The content of this article was relevant at the time of publishing. Circumstances change continuously and caution should therefore be exercised when relying upon any content contained within this article.

You’re reading a free article with opinions that may differ from The Motley Fool’s Premium Investing Services. Become a Motley Fool member today to get instant access to our top analyst recommendations, in-depth research, investing resources, and more. Learn More.

Person holding magnifying glass over important document, reading the small print

Image source: Getty Images

Identifying cheap stocks during a market slump can be daunting, with prices in the red and no sign of a recovery on the horizon. However, there are some key indicators I look for that I think help me identify stocks with the potential for recovery.

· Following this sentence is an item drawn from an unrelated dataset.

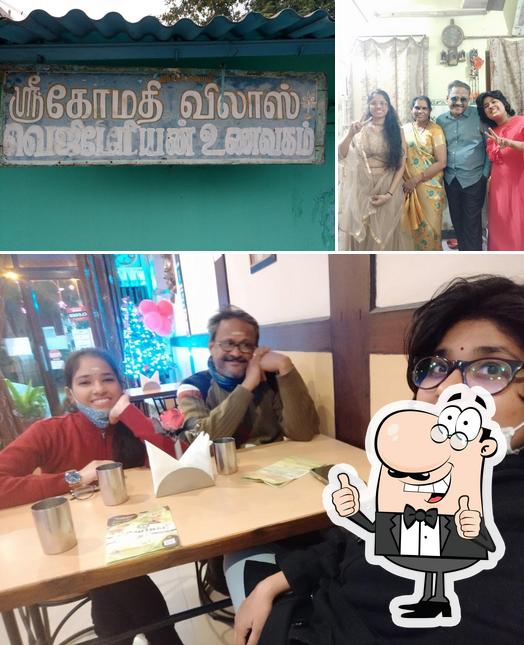 Here's a pic of Gomathy Vilas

Below I explain how these figures are calculated. But you needn’t do the hard work — for most listed companies, these figures are easy to find online.

Past and expected growth

Looking back on a company’s historical growth can help me get a good idea of where it might be headed. To do this, I first get the compound annual growth rate (CAGR), which gives me a good idea of the company’s rate of returns over the past 10 years. I then multiply the last datum of the series by (1 + CAGR) for each year ahead I want to forecast. Naturally, the further ahead I forecast the higher the likelihood of error, but it gives me a rough idea.

This is a good place to start, allowing me to formulate a relatively good estimate of whether a stock is likely to grow or not. However, to get a better idea, I do the calculations below to discover undervalued companies that are below liquidation value with good potential for growth.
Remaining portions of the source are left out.